SUPPLIED DATA>
[Start of Attachment]
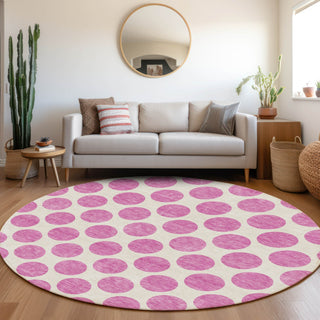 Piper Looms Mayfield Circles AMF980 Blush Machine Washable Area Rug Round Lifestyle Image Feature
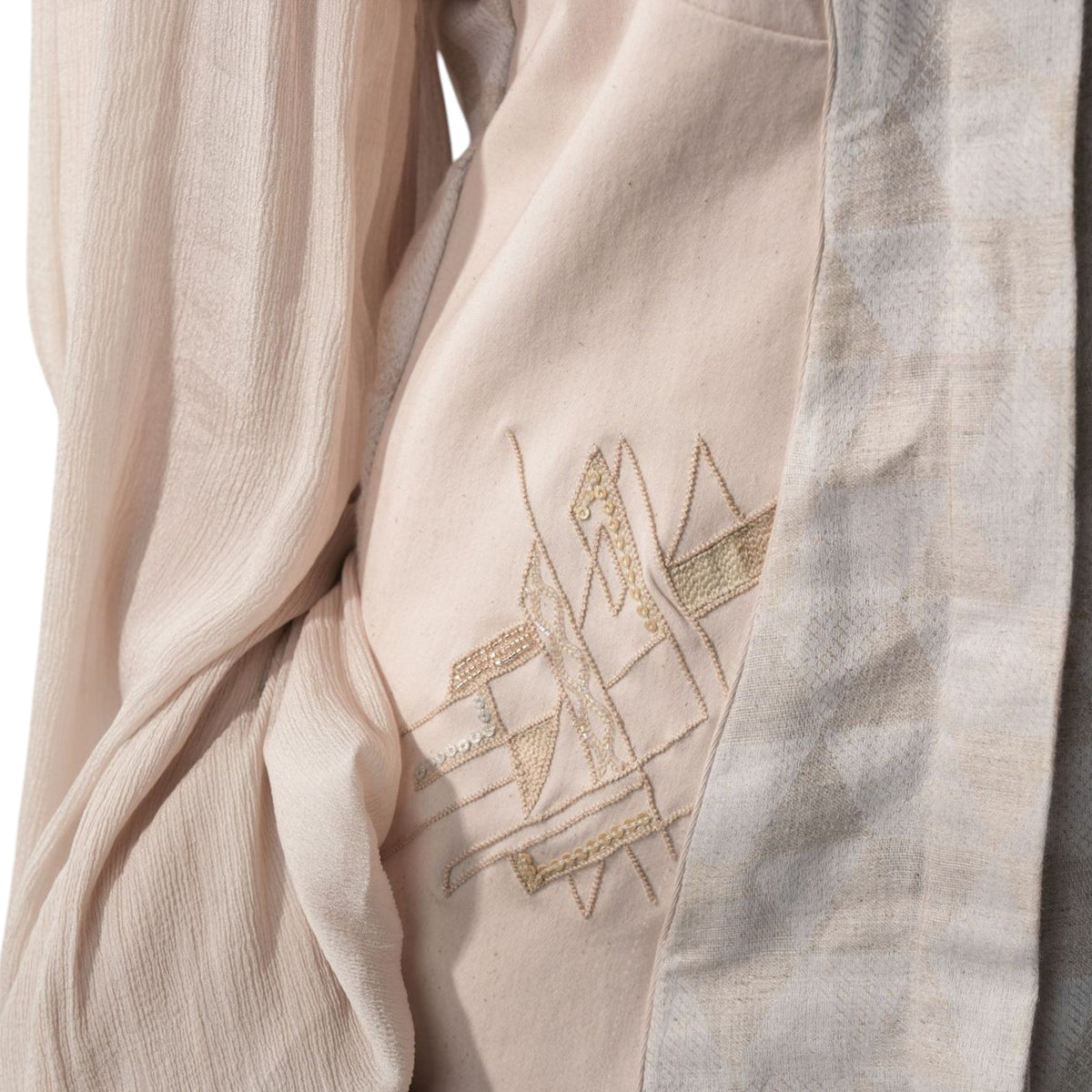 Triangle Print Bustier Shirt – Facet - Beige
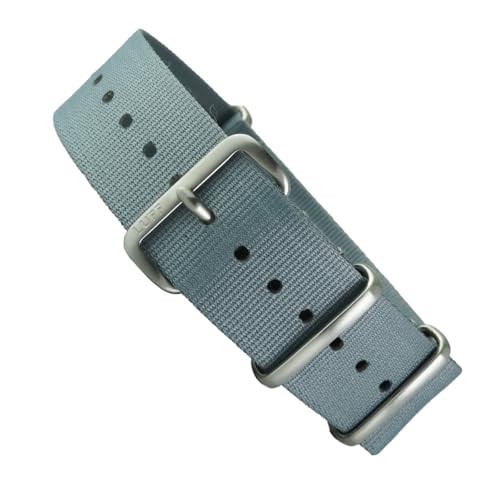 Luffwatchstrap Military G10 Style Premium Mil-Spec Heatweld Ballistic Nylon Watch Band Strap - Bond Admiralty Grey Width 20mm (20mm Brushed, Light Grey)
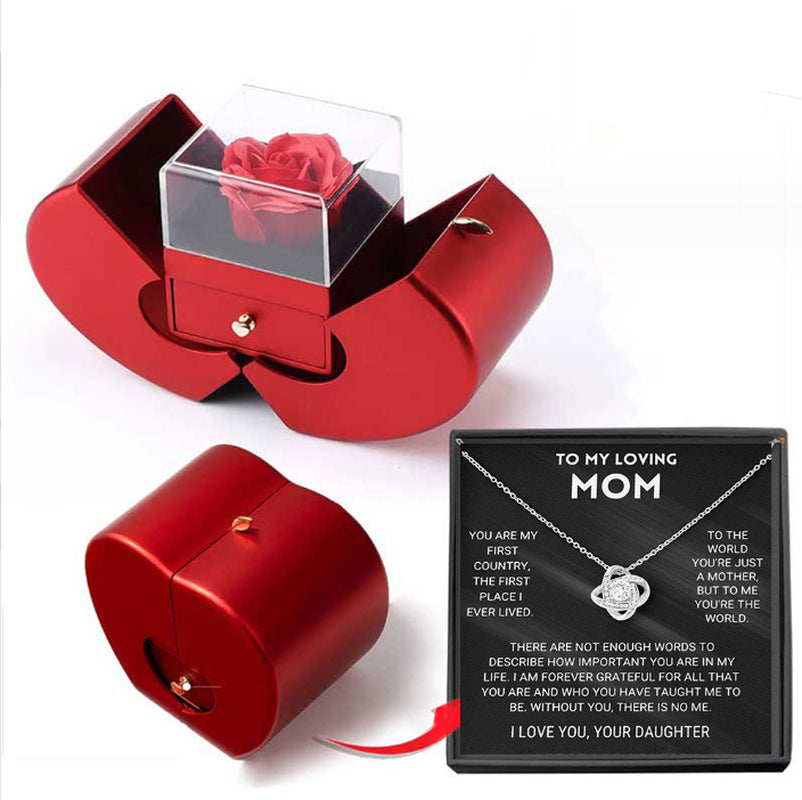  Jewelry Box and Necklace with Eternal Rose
[End of Attachment]
ABOUT THIS EXERCISE>
Word for word, quote the lines above. Omit the pictures.

EXERCISE ANSWER>
 Piper Looms Mayfield Circles AMF980 Blush Machine Washable Area Rug Round Lifestyle Image Feature
 Triangle Print Bustier Shirt – Facet - Beige
 Luffwatchstrap Military G10 Style Premium Mil-Spec Heatweld Ballistic Nylon Watch Band Strap - Bond Admiralty Grey Width 20mm (20mm Brushed, Light Grey)
  Jewelry Box and Necklace with Eternal Rose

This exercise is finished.